The Domain Name resolves to a page titled “Huawei Global” that is designed to give the impression that the “Huawei Global” entity is connected to or an affiliate of the Complainant.  However upon clicking on any links on the Respondent’s Website, the visitor is redirected to a website of a third party called “ZionTechGroup”, entirely unconnected to Complainant, offering goods and services of Complainant’s competitors.  Use of a disputed domain name to pass off as a complainant in order to compete with a complainant is generally not a bona fide offering of goods or services or a legitimate noncommercial or fair use under Policy    4(c)(i) or (iii).  See Mortgage Research Center LLC v. Miranda, FA 993017 (Forum July 9, 2007) (“Because [the] respondent in this case is also attempting to pass itself off as [the] complainant, presumably for financial gain, the Panel finds the respondent is not using the <mortgageresearchcenter.org> domain name for a bona fide offering of goods or services pursuant to Policy   4(c)(i), or a legitimate noncommercial or fair use pursuant to Policy   4(c)(iii).”).  See also Dream Horse Classifieds v. Mosley, FA 381256 (Forum Feb. 8, 2005) (finding the respondent’s attempt to pass itself off as the complainant by implementing a color scheme identical to the complainant’s was evidence that respondent lacks rights and legitimate interests in the disputed domain name pursuant to Policy   4(a)(ii)).

The Panel finds Complainant has satisfied Policy   4(a)(ii).

Registration and Use in Bad Faith

The Panel finds that, at the time Respondent registered the Domain Name, February 14, 2017, Respondent had actual knowledge of Complainant’s HUAWEI mark.  The Respondent uses the Domain Name to pass itself off as Complainant for financial gain (by offering products in direct competition with Complainant and making direct reference to Complainant on its website) or to disrupt Complainant’s business.  In the absence of rights or legitimate interests of its own this demonstrates registration in bad faith under Policy   4(a)(iii).

The Panel finds that Respondent registered and uses the Domain Name in bad faith.  Respondent uses the Domain Name as part of a broad scheme to pass itself off as being connected or affiliated with Complainant in order to compete with and disrupt Complainant’s business.  Such behavior is indicative of bad faith registration and use per Policy    4(b) (iii) and (iv).  See DaimlerChrysler Corp. v.
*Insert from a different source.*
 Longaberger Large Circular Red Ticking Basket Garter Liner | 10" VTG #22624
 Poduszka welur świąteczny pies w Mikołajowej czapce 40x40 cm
Bargman, D2000-0222 (WIPO May 29, 2000) (finding that the respondent’s use of the title “Dodgeviper.com Official Home Page” gave consumers the impression that the complainant endorsed and sponsored the respondent’s website); see also Am. Int’l Group, Inc. v. Busby, FA 156251 (Forum May 30, 2003) (finding that the disputed domain name was registered and used in bad faith where the respondent hosted a website that “duplicated Complainant’s mark and logo, giving every appearance of being associated or affiliated with Complainant’s business . . . to perpetrate a fraud upon individual shareholders who respected the goodwill surrounding the AIG mark”);

The Panel finds Complainant has satisfied Policy   4(a)(iii).

DECISION

Having established all three elements required under the ICANN Policy, the Panel concludes that relief shall be GRANTED.

Accordingly, it is Ordered that the <huawei.global> domain name be TRANSFERRED from Respondent to Complainant.